Toward the end of Wasp ' s stay at that base, Admiral Halsey relieved Admiral Spruance on 26 August and the 5th Fleet became the 3rd Fleet. Two days later, the Fast Carrier Task Force—redesignated TF 38—sortied for the Palaus. On 6 September, Wasp, now assigned to Vice Admiral John S. McCain, Sr.'s TG 38.1, began three days of raids on the Palaus. On 9 September, she headed for the southern Philippines to neutralize air power there during the American conquest of Morotai, Peleliu, and Ulithi—three islands needed as advanced bases during the impending campaign to liberate the Philippines. Planes from these carriers encountered little resistance as they lashed Mindanao airfields that day and on 10 September. Raids against the Visayan Islands on 12 and 13 September were carried out with impunity and were equally successful. Learning of the lack of Japanese air defenses in the southern Philippines enabled Allied strategists to cancel an invasion of Mindanao which had been scheduled to begin on 16 November. Instead, Allied forces could go straight to Leyte and advance the recapture of Philippine soil by almost a month.
USS Wasp on 6 August 1945
D-day in the Palaus, 15 September, found Wasp and TG 38.1 some 50 mi (80 km) off Morotai, launching air strikes. It then returned to the Philippines for revisits to Mindanao and the Visayas before retiring to the Admiralties on 29 September for replenishment at Manus in preparation for the liberation of the Philippines.
Ready to resume battle, she got underway again on 4 October and steamed to the Philippine Sea where TF 38 reassembled at twilight on the evening of 7 October, some 375 mi (604 km) west of the Marianas. Its mission was to neutralize airbases within operational air distance of the Philippines to keep Japanese warplanes out of the air during the American landings on Leyte scheduled to begin on 20 October. The carriers steamed north to rendezvous with a group of nine oilers and spent the next day, 8 October, refueling. They then followed a generally northwesterly course toward the Ryūkyūs until 10 October when their planes raided Okinawa, Amami, and Miyaki. That day, TF 38 planes destroyed a Japanese submarine tender, 12 sampans, and over 100 planes. But for Lieutenant Colonel Doolittle's Tokyo raid from Hornet (CV-8) on 18 April 1942 and the daring war patrols of Pacific Fleet submarines, this carrier foray was the United States Navy's closest approach to the Japanese home islands up to that point in the war.
Beginning on 12 October, Formosa received three days of unwelcome attention from TF 38 planes. In response, the Japanese Navy made an all-out effort to protect that strategic island, even though doing so meant denuding its remaining carriers of aircraft.

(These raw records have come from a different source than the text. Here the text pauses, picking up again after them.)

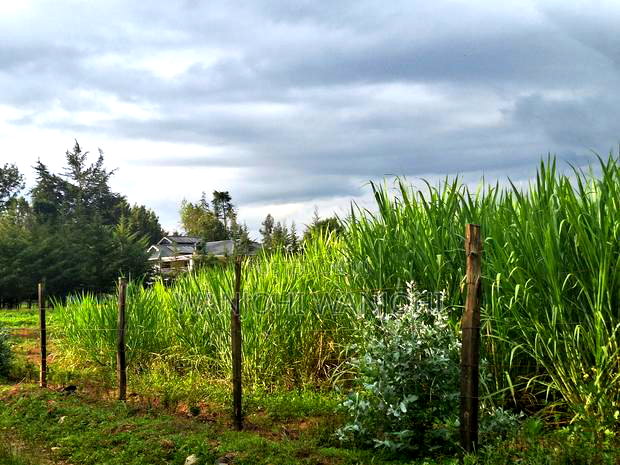 1/4 Acre Plots in Nyahururu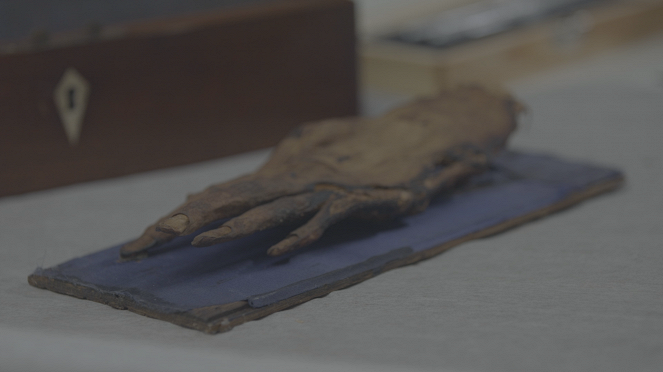 Cleopatra: The Mystery of the Mummified Hand - Photos
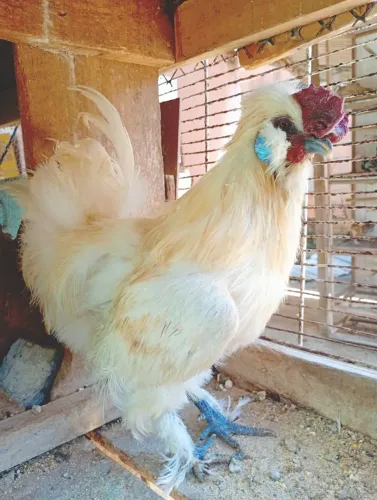 Galo sedosa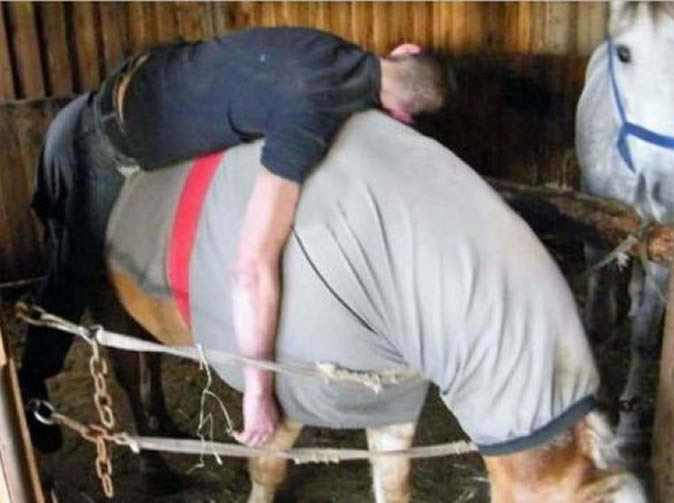 Drunk man falls asleep on top of a horse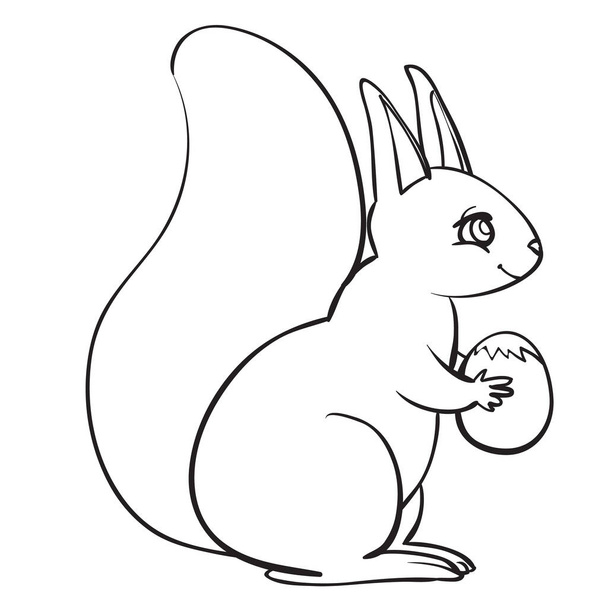 squirrel sits and holds a nut in his hands, outline drawing, coloring, isolated object on a white background, vector illustration, - Vector, afbeelding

Yet, the attempt to thwart the ever advancing American Pacific Fleet was futile. At the end of a three-day air battle, Japan had lost more than 500 planes and 20-odd freighters. Many other merchant ships were damaged as were hangars, barracks, warehouses, industrial plants, and ammunition dumps. However, the victory was costly to the United States Navy, for TF 38 lost 79 planes and 64 pilots and air crewmen, while cruisers Canberra and Houston and carrier Franklin received damaging, but non-lethal, bomb hits.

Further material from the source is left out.